Hydroxyethylmethacrylate (glycol methacrylate)-based membranes are used in membrane separation processes, such as ultrafiltration and reverse osmosis, for applications such as water purification and protein separation.
Hydroxyethylmethacrylate (glycol methacrylate) is used in the fabrication of biomedical sensors due to its compatibility with biological fluids and its ability to immobilize biomolecules. 
These sensors are used for various diagnostic and monitoring purposes.

Hydroxyethylmethacrylate (glycol methacrylate)-based polymers are utilized in the production of optical materials, such as waveguides and lenses, for applications in telecommunications, imaging systems, and optical sensors.
In addition to soft contact lenses, Hydroxyethylmethacrylate (glycol methacrylate) is used in the manufacture of hydrogel contact lenses. 

These lenses provide oxygen permeability and moisture retention, ensuring comfort for extended wear.
Hydroxyethylmethacrylate (glycol methacrylate) is sometimes incorporated into cosmetic formulations, such as skincare products and makeup, to enhance texture, spreadability, and moisturizing properties.

Safety Profile Of Hydroxyethylmethacrylate (glycol methacrylate):
Hydroxyethylmethacrylate (glycol methacrylate) is a combustible substance. 
At the temperatures above 97 °C, it can form explosive mixtures of vapor with air. 
Hydroxyethylmethacrylate (glycol methacrylate) is irritating to the eyes, skin and respiratory tract. 

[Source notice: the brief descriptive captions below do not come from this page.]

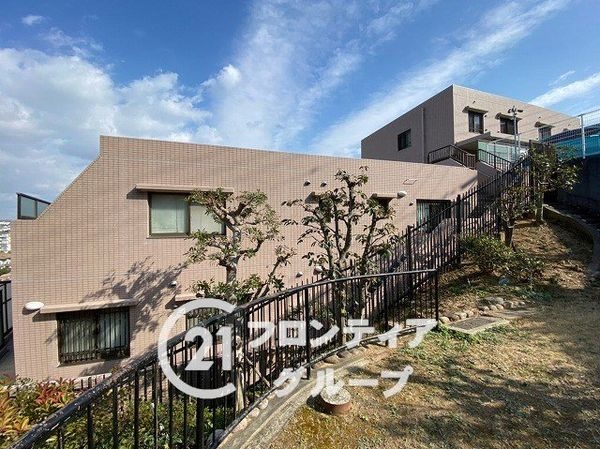 ロイアルヒルズ舞子　中古マンション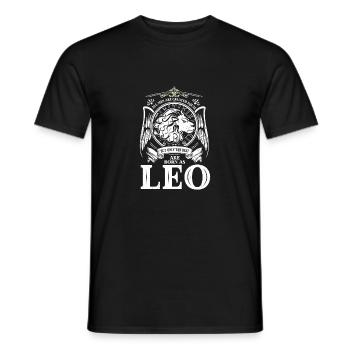 Löwe Sternzeichen sind die Besten Horoskop - Männer T-Shirt - Schwarz - Vorne - AI Model Male 178 light (178cm)
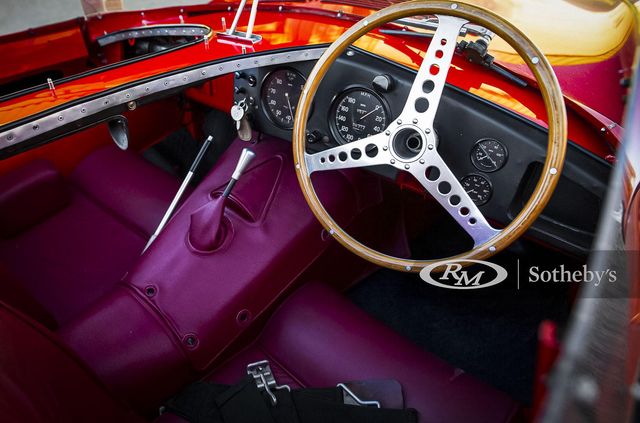 Рідкісний 66-річний Jaguar D-Type пустять з молотка: у скільки оцінили легендарне авто - фото 443900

If this fluid is swallowed, aspiration into the lungs can lead to chemical pneumonitis. 
Hydroxyethylmethacrylate (glycol methacrylate), sanitary rules for organizing technological processes and hygienic requirements for production equipment must be strictly observed. 
All types of work with Hydroxyethylmethacrylate (glycol methacrylate) should be carried out in rooms equipped with general supply and exhaust ventilation. 

Hydroxyethylmethacrylate (glycol methacrylate) is not allowed to carry out work in these rooms using an open fire. 
Those working with Hydroxyethylmethacrylate (glycol methacrylate) must be provided with special clothing and personal protective equipment. 

In case of fire, Hydroxyethylmethacrylate (glycol methacrylate) is necessary to use fire extinguishers OP-5, OVP-100 koshma, sand, asbestos cloth. 
Spread on solid soil Hydroxyethylmethacrylate (glycol methacrylate) should be covered with sand.